Versatile C++ game scraper: Skyscraper
-
Skyscraper 3.1.0 released: https://github.com/muldjord/skyscraper
- MAJOR: Added '--cache edit' command line option which allows viewing, editing and deleting cached resources for the roms in the queue. Narrow the queue down by providing file names on command line or by using '--startat <FILENAME>' and '--endat <FILENAME>'
- Added 'zx81' platform. Note! The only module that supports it is the 'screenscraper' module
I finally found the time to work on the planned resource cache editing features of Skyscraper. This allows you to easily add and remove resources to / from any given rom simply by using the
--cache edit
option. With that option you can edit cached resources for a few roms simply by providing their filenames on command line. Or you can use the--startat
and--endat
option(s). If no filenames are provided on command line or both--startat
and--endat
are left out, Skyscraper will edit all files in your input folder one by one.Any resources added by the user will be marked as
user
and will be prioritized above all other types. The edit feature will also allow you to get a look at what data will currently be used for any given rom when generating the game list. You can also list all resources for any given rom. And it also enables you to remove resources as you see fit, both single resources or all resources of specific types or from specific modules.Have fun! And let me know if this is useful to you. I've already used it myself quite a bit and find it to be very handy indeed.
-
@muldjord must be a screenscraper issue then. My credentials are definitely being accepted but for whatever reason some roms (I have found others now) that will scrape only partial data. It will get the screenshot but not the box art or vice-versa even though all the data is there on the screenscraper website. Hopefully they continue to improve the website. Thanks again for your help.
-
@quicksilver said in Versatile C++ game scraper: Skyscraper:
@muldjord must be a screenscraper issue then. My credentials are definitely being accepted but for whatever reason some roms (I have found others now) that will scrape only partial data. It will get the screenshot but not the box art or vice-versa even though all the data is there on the screenscraper website. Hopefully they continue to improve the website. Thanks again for your help.

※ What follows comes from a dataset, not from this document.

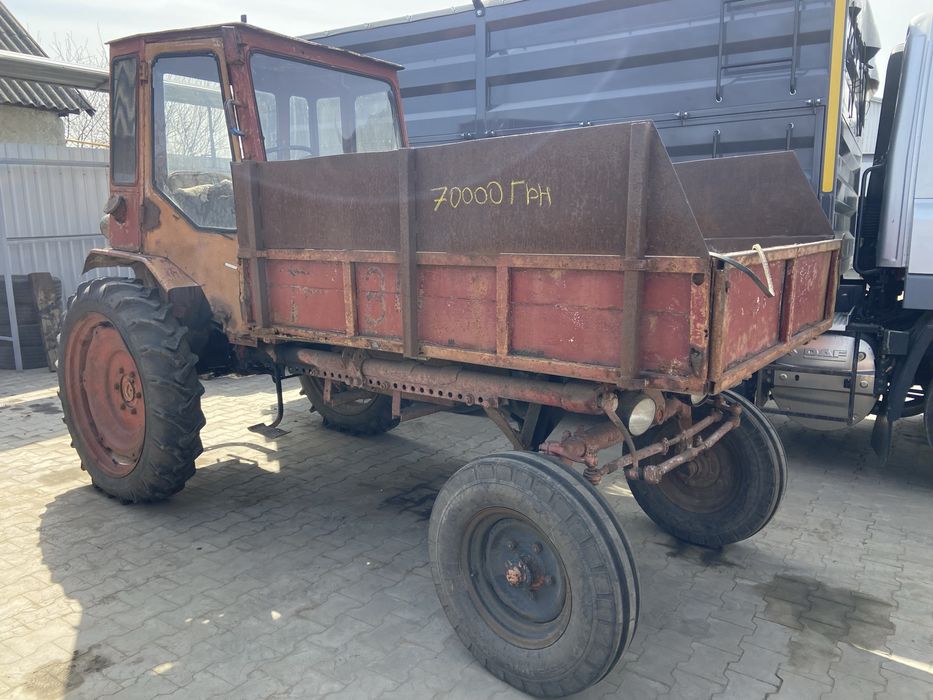 Трактор Т16, є доставка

Please try rescraping those roms with the
--refresh
option enabled or by providing the filenames on command line to scrape just those few roms that are giving you difficulties. That will most likely fix your issue. I'm very interested in knowing if this works for you. If not, then there's something else going on that I am not aware of. -
@muldjord the refresh option took care of my issue. Once again thank you for your help!
-
@muldjord - a quick question; can the "dbs" folder be relocated anywhere else? My uSD card is full and nothing can be scraped any further despite all my ROMs and skyscraper cache being located on the external 2TB HDD. The dbs folder contains 2.3GB of data, by all accounts.
Can it be relocated? I'd empty it but I'm not sure what effect that would have, and it will be a PITA to have to do that every time I want to scrape a collection.
RetroPie is running from a 32GB uSD card that I cannot access physically, hence I've attached the HDD to the board so that ~/pi/RetroPie is now accessed from there. I edited config to move the cache there also, but the dbs folder doesn't seem to be configurable?
Edit: Even though my config has been edited to move the cache to ~/pi/RetroPie/skyscraper/cache, Skyscraper is still using the original location on my uSD card :(
-
@ZXDunny Can you post your
config.ini
file and your Skyscraper version ? Since 3.x thedbs
folder is namedcache
, so you might be using an older version. -
How does Skyscraper handle/display arcade roms? Obviously there is no "box art". Anyone willing to post a sample? Curious before I start scraping 1500 roms.
-
@quicksilver Here are some samples:
Note that I only used ScreenScraper for scraping - they do have boxart for some of the Arcade titles.
-
@mitu Thank you! This is exactly what I was looking for. I have had good results with screenscraper for console scraping, so will probably stick with it for arcade then. I havent gotten very accurate results with the gamesdb (probably because it searches based on rom name).
-
i was just scraping my gba games and i noticed i got a lot of errors like this:
ScreenScraper APIv2 returned invalid XML for the following query: romnom=Dragon%20Ball%20Z%20-%20Buu_s%20Fury%20%28USA%29.gba&crc=1C1707F&md5=3A74FCE97F1EA2B28C2A50EC3DF0ACEE&sha1=F1C4B07554D2A3B1AD2F325307051E775CE68087&romtaille=8388608
it used to scrape all my gba games perfectly, so i tried to update to latest version, but it still persists resulting in a fail rate of about 6-7% of the games, where it used to find basicly every game in earlier versions of skyscraper
-
@Halvhjearne You may be running into https://retropie.org.uk/forum/topic/11826/versatile-c-game-scraper-skyscraper/1123. It's not a Skyscraper problem.
-
@mitu said in Versatile C++ game scraper: Skyscraper:
@Halvhjearne You may be running into https://retropie.org.uk/forum/topic/11826/versatile-c-game-scraper-skyscraper/1123. It's not a Skyscraper problem.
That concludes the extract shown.